Furthermore, with respect to China, Trump is not a member of the school that believes the United States and China are in a struggle to the death. Such an abstract idea violates the way Trump sees the world as a sequence of short-run conflicts which are resolved by deals. The Chinese viewpoint is, I think, rather similar, so that we can expect a surprisingly simple resolution of the trade relations between China and the United States.

India, on the other hand, is more complicated. As a democratic nation, Indian leadership must be responsive to the attitudes of its citizens; nevertheless, India desires good relations with the United States for national security reasons, and eventually, I expect that the two countries will reach a tariff level plus side deals that will be acceptable to both countries.

But for Bangladesh, this situation is remarkably dangerous. Bangladesh benefits from conflict between India and China. An improved relationship of China with the United States and a disgruntled Indian population put Bangladesh in a very difficult position. In this situation, tariffs are just the accidental instrument by which different views are expressed.

One of the most important things to keep in mind is that there is a serious threat to the Trump government that the United States Supreme Court will find that the imposition of these reciprocal tariffs is illegal. This issue will probably be resolved within the next month.
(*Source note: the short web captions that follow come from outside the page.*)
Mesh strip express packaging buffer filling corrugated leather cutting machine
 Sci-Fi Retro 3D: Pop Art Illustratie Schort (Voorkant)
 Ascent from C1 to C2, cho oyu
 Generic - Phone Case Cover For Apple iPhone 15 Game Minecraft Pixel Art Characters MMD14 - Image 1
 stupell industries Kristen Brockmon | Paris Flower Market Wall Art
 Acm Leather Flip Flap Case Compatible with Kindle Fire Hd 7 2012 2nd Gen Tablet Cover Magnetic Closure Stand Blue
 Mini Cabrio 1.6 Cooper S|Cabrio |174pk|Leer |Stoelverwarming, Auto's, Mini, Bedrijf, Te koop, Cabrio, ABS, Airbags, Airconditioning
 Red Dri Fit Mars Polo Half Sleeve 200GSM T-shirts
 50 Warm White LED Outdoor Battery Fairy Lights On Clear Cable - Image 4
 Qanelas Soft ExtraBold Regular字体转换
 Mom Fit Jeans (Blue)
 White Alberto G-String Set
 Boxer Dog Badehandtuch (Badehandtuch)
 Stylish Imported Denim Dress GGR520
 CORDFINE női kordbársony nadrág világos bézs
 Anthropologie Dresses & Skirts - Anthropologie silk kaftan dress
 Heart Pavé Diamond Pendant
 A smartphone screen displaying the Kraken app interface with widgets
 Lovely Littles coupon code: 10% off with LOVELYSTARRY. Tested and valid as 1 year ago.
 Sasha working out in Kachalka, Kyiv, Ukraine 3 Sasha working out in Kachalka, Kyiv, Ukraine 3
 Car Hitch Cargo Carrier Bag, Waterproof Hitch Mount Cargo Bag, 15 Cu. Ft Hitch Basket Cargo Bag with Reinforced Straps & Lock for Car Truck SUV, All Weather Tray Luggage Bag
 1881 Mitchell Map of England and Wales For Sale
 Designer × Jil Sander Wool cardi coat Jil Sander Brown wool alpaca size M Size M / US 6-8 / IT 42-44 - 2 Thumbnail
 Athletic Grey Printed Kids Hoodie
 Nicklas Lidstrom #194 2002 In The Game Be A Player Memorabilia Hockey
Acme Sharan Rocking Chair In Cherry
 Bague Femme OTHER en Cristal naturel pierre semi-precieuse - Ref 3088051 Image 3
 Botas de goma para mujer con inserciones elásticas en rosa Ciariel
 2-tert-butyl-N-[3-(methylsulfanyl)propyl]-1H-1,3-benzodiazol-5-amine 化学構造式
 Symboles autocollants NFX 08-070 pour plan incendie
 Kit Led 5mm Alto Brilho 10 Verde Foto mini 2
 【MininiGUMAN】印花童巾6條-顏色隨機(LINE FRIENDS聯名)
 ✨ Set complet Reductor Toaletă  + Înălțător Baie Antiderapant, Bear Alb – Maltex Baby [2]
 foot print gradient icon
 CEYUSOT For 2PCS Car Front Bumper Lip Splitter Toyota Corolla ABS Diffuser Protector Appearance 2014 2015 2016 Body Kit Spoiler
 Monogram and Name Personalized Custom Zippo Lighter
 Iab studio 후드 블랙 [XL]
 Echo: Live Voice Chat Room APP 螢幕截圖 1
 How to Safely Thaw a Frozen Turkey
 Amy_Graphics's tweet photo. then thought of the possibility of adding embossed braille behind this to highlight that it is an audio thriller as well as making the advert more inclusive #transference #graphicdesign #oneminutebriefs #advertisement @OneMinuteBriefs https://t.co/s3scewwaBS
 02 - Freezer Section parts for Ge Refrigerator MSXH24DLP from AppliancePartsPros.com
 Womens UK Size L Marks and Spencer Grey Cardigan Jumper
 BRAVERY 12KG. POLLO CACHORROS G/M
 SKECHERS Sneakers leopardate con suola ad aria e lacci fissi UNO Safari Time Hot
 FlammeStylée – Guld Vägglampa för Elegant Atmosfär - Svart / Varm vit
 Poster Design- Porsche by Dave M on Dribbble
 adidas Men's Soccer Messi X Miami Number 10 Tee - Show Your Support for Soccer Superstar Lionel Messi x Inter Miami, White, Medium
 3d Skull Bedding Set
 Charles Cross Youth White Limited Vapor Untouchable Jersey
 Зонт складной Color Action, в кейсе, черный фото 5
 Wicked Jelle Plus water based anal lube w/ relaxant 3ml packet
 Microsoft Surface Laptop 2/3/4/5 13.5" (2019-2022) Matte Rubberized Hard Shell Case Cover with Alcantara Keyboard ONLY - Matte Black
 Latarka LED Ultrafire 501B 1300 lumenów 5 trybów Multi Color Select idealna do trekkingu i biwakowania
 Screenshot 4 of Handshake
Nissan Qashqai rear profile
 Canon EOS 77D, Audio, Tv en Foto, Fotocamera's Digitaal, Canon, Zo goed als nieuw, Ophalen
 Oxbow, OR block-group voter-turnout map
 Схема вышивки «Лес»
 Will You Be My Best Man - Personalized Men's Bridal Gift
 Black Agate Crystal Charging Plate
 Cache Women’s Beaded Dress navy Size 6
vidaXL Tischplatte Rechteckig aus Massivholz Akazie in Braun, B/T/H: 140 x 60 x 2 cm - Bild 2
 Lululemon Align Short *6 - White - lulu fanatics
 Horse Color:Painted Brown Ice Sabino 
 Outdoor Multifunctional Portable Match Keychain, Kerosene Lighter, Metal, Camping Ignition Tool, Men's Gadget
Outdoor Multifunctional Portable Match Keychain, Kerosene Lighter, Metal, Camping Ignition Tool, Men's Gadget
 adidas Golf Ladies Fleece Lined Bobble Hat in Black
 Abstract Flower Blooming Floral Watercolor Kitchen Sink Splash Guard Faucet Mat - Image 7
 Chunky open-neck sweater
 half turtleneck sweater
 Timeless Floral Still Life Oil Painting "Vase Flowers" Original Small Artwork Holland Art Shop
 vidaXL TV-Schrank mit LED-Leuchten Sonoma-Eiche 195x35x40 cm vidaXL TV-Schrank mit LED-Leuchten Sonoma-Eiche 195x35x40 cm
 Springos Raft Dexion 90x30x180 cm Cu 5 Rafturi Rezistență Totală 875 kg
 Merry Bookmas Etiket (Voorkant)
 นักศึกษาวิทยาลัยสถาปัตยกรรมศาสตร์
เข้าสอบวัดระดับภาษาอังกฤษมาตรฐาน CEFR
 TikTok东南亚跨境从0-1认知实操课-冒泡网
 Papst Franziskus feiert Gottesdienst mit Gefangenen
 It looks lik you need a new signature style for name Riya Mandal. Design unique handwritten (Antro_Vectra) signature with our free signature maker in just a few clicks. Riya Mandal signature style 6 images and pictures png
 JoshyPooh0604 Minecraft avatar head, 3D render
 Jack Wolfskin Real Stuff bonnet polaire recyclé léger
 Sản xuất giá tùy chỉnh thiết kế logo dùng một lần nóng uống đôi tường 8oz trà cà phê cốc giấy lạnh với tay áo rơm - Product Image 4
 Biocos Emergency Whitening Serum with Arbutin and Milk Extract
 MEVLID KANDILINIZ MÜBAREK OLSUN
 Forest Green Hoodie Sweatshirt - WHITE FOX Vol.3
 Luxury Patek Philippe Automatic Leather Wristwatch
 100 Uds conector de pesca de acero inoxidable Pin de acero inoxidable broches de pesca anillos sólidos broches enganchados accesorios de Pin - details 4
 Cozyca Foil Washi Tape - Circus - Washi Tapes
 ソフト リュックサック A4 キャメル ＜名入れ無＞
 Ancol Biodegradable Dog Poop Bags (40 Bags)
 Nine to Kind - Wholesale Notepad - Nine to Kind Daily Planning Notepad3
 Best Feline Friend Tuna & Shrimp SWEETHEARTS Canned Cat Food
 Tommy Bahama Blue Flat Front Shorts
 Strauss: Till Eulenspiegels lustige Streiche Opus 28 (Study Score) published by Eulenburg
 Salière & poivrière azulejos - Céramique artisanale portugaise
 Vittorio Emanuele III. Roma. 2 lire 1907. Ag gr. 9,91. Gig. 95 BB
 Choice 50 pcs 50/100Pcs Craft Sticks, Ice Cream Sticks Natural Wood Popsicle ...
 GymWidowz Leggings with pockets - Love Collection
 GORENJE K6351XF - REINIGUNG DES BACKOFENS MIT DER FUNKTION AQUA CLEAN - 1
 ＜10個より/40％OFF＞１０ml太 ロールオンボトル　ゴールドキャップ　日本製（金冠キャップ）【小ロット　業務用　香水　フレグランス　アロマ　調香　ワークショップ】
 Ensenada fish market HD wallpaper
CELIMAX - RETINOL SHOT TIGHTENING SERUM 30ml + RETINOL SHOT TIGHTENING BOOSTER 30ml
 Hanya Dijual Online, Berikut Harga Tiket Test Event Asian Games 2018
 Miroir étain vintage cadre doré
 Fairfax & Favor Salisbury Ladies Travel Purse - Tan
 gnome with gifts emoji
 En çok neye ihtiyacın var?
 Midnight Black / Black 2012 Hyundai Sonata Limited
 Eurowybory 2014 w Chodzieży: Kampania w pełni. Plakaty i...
It is essential to remember that the basic principle of a democratic system is that taxes are established by the lower house. The British House of Parliament arose in conflict with the king and attempted to limit the taxing powers of the monarch. Similarly, the formation of the United States was heavily shaped by rejection of the British monarch’s levying of taxes without the consent of the people of America. Setting taxes in the United States is a task that is very much left to the Congress. The executive department can make suggestions, but the legislature is responsible for the tax laws.

The most knowledgeable tax analysts in the United States are not found in the executive department but in the Ways and Means Committee of the House of Representatives. Mr. Trump established his reciprocal tariffs without approval of Congress, hence violating the fundamental principle that taxation arises from the will of the people and not from the king or president. Mr. Trump’s justification for his actions is the argument that the United States runs large trade deficits with most countries of the world, and certainly with the world as a whole, and that this was in effect an attack on the United States.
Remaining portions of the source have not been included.